TTI / Release /docs /REWARD_BACKEND_GUIDE.md
JosephBai's picture
Upload folder using huggingface_hub
857c2e9 verified
# Reward Backend Guide
This guide explains how to:
- select reward backend at runtime,
- understand backend capability differences,
- integrate a custom reward backend.
## 1) Runtime backend selection
Set backend via environment or Hydra override.
### Environment variable (recommended in scripts)
```bash
export EVOLVE_REWARD_BACKEND=vlac
# or
export EVOLVE_REWARD_BACKEND=robodopamine
```
Training scripts pass this value to:
```text
+actor_rollout_ref.rollout.reward_backend=<backend>
```
### Direct override
```bash
python scripts/train_libero_10-sft_full-ttt.py \
+actor_rollout_ref.rollout.reward_backend=vlac
```
## 2) Capability model
Backends are integrated with a capability contract:
- required: `progress`
- optional: `pairwise`
- optional: `done`
Current matrix:
| Backend | progress | pairwise | done |
|---|---|---|---|
| `vlac` | yes | yes | optional |
| `robodopamine` | yes | no | no |
`robodopamine` requires external Robo-Dopamine code (`GRMInference`). Set:
```bash
export ROBODOPAMINE_PATH=/path/to/Robo-Dopamine
```
or install Robo-Dopamine as an importable package in the active environment.
Fallback policy:
- if `pairwise` unsupported, pairwise reward branch is disabled.
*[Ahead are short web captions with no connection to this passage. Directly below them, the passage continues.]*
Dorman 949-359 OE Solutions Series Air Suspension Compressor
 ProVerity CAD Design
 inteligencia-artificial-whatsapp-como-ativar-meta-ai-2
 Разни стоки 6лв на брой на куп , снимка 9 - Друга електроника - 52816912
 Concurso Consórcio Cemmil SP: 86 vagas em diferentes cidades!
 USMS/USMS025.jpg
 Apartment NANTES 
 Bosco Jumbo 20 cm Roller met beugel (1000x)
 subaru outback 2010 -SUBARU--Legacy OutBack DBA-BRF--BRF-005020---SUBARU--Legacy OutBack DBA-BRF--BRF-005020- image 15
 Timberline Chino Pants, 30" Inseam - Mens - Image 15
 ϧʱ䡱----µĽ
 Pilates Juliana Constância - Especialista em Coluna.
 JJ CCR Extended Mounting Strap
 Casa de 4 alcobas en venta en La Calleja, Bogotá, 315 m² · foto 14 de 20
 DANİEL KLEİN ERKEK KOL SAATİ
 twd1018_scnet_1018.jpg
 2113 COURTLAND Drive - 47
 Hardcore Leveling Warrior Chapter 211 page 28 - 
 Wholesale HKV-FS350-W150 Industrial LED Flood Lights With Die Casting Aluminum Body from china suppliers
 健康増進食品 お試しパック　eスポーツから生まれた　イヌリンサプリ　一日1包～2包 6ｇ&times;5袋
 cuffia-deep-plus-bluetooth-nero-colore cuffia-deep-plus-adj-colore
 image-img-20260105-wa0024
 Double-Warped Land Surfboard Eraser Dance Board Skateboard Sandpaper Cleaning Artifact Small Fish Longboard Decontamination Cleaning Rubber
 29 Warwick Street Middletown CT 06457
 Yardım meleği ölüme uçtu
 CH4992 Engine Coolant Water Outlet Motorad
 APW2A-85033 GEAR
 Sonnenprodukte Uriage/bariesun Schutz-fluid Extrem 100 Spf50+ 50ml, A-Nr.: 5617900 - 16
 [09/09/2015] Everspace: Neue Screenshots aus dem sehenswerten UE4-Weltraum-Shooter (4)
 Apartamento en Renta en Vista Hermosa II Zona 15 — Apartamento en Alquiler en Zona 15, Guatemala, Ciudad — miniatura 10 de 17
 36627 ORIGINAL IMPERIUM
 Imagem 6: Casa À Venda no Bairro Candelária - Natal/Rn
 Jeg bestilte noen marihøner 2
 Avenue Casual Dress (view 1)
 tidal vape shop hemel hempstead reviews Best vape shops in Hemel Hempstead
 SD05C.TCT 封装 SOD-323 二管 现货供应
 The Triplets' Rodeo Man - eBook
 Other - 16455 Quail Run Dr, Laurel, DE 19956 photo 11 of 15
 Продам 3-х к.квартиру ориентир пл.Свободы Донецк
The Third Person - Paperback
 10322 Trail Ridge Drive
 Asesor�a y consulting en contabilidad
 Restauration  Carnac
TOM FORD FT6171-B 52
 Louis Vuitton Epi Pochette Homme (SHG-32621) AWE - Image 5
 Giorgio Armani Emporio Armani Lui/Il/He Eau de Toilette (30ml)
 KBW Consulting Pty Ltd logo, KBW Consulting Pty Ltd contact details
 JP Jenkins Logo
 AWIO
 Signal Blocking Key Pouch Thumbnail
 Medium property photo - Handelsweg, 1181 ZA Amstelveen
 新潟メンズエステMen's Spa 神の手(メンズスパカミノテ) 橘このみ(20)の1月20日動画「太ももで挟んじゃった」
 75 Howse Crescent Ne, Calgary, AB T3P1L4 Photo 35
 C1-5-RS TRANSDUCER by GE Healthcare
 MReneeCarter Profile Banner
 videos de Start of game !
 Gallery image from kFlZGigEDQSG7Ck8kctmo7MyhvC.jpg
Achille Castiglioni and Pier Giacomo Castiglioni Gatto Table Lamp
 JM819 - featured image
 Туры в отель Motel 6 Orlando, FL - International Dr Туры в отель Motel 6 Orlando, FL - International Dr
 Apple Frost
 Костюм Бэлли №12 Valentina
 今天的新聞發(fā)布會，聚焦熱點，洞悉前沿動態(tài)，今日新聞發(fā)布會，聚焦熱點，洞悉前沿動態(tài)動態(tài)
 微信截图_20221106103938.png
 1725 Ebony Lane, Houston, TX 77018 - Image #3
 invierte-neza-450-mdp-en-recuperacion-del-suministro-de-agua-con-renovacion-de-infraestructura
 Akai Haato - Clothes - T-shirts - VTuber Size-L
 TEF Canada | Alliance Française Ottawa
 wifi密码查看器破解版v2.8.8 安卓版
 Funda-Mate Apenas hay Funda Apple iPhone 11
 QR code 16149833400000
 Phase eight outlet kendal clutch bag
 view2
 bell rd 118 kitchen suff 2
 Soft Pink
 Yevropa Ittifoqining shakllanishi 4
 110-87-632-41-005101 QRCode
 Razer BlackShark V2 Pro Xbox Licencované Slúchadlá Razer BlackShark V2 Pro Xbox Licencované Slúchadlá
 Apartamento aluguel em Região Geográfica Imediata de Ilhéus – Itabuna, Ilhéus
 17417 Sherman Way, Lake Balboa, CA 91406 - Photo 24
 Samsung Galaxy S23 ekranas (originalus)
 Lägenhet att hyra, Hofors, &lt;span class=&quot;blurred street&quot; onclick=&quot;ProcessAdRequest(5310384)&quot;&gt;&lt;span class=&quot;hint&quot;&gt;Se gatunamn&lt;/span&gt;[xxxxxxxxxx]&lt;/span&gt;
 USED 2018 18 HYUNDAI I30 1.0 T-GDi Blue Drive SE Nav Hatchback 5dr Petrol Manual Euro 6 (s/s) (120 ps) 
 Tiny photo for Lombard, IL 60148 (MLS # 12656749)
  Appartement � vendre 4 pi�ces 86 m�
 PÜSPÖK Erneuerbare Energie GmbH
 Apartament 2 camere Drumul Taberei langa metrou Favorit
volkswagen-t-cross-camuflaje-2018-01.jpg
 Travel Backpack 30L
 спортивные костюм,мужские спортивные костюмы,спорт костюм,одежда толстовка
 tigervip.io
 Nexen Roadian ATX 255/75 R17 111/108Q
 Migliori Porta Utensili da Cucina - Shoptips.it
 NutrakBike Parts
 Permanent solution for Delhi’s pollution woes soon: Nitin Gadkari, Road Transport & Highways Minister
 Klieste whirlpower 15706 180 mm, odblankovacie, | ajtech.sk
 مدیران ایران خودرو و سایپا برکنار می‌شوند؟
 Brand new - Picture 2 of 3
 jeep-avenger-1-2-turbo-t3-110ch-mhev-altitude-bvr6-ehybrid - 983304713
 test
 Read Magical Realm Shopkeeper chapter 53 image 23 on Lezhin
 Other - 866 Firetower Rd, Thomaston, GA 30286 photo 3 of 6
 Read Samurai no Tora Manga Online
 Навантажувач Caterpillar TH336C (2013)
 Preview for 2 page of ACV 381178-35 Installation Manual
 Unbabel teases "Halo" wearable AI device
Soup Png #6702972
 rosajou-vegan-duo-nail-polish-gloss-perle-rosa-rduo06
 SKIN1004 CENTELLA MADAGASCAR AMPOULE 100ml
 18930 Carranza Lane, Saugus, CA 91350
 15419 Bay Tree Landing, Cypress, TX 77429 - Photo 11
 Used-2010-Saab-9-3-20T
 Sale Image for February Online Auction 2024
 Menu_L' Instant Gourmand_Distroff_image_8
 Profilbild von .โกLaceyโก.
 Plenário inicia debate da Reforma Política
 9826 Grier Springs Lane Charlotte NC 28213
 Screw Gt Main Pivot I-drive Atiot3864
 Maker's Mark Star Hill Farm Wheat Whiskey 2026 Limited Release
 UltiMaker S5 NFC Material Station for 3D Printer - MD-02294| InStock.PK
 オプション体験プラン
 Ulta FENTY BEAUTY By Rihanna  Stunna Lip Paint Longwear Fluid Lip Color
- termination remains derived from progress threshold.
## 3) Custom backend integration
### Step 1: Implement adapter
Create a backend class under `verl/utils/reward_backends/` with:
```python
capabilities = RewardBackendCapabilities(...)
def compute_trajectory_values(...):
...
def pairwise_critic(...):
...
```
`compute_trajectory_values` must return:
- `value_list`: progress values (0-100 scale expected by current rollout path),
- `critic_list`: pairwise/incremental critic list (may be empty if unsupported).
### Step 2: Register backend in factory
Edit `verl/utils/reward_backend_factory.py`:
- add capability entry to `_CAP_MAP`,
- add construction branch in `build_reward_backend_from_config(...)`.
### Step 3: Configure and run smoke check
```bash
python scripts/train_libero_10-sft_full-ttt.py \
+actor_rollout_ref.rollout.reward_backend=<your_backend>
```
Verify:
- rollout initializes,
- progress reward is non-empty,
- pairwise branch behavior matches declared capabilities.
## 4) Notes
- `vlac` remains the reference backend for paper-faithful behavior.
- custom backend integration should preserve algorithm invariants listed in `ALGORITHM_INVARIANTS.md`.